** Dataset records follows **

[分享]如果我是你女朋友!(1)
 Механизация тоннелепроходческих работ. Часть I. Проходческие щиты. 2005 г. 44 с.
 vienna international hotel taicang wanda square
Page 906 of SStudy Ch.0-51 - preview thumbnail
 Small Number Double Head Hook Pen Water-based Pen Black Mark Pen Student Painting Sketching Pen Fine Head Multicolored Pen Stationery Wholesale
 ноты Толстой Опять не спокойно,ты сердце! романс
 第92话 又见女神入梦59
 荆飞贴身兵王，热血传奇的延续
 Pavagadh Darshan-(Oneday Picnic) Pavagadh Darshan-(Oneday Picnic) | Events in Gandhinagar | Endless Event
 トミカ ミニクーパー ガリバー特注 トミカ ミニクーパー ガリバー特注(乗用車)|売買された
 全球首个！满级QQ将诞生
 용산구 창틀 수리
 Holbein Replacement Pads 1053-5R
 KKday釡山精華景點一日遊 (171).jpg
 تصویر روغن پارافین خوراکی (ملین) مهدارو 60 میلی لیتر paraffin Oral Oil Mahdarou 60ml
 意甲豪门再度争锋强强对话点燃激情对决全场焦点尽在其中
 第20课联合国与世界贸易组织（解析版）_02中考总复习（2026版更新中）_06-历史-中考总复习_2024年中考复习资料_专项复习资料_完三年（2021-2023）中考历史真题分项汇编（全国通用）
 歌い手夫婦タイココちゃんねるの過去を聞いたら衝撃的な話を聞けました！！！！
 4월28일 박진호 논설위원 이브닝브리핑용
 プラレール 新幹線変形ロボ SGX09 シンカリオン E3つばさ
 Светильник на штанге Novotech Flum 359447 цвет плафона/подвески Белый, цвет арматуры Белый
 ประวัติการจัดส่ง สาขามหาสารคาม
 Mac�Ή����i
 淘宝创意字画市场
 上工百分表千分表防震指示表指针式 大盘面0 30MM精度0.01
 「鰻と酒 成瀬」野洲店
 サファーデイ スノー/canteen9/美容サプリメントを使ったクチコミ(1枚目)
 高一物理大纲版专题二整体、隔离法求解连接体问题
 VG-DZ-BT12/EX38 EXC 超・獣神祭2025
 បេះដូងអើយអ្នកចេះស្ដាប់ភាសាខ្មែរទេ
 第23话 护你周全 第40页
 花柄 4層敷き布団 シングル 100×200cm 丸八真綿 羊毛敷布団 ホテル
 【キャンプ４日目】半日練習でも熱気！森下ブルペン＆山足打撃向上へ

** End of Dataset records **

Your task. Output the line containing "荆飞贴身兵王，热血传奇的延续" and each line after it through the close of the entries, unchanged and with no other lines.

Result of this exercise.
 荆飞贴身兵王，热血传奇的延续
 Pavagadh Darshan-(Oneday Picnic) Pavagadh Darshan-(Oneday Picnic) | Events in Gandhinagar | Endless Event
 トミカ ミニクーパー ガリバー特注 トミカ ミニクーパー ガリバー特注(乗用車)|売買された
 全球首个！满级QQ将诞生
 용산구 창틀 수리
 Holbein Replacement Pads 1053-5R
 KKday釡山精華景點一日遊 (171).jpg
 تصویر روغن پارافین خوراکی (ملین) مهدارو 60 میلی لیتر paraffin Oral Oil Mahdarou 60ml
 意甲豪门再度争锋强强对话点燃激情对决全场焦点尽在其中
 第20课联合国与世界贸易组织（解析版）_02中考总复习（2026版更新中）_06-历史-中考总复习_2024年中考复习资料_专项复习资料_完三年（2021-2023）中考历史真题分项汇编（全国通用）
 歌い手夫婦タイココちゃんねるの過去を聞いたら衝撃的な話を聞けました！！！！
 4월28일 박진호 논설위원 이브닝브리핑용
 プラレール 新幹線変形ロボ SGX09 シンカリオン E3つばさ
 Светильник на штанге Novotech Flum 359447 цвет плафона/подвески Белый, цвет арматуры Белый
 ประวัติการจัดส่ง สาขามหาสารคาม
 Mac�Ή����i
 淘宝创意字画市场
 上工百分表千分表防震指示表指针式 大盘面0 30MM精度0.01
 「鰻と酒 成瀬」野洲店
 サファーデイ スノー/canteen9/美容サプリメントを使ったクチコミ(1枚目)
 高一物理大纲版专题二整体、隔离法求解连接体问题
 VG-DZ-BT12/EX38 EXC 超・獣神祭2025
 បេះដូងអើយអ្នកចេះស្ដាប់ភាសាខ្មែរទេ
 第23话 护你周全 第40页
 花柄 4層敷き布団 シングル 100×200cm 丸八真綿 羊毛敷布団 ホテル
 【キャンプ４日目】半日練習でも熱気！森下ブルペン＆山足打撃向上へ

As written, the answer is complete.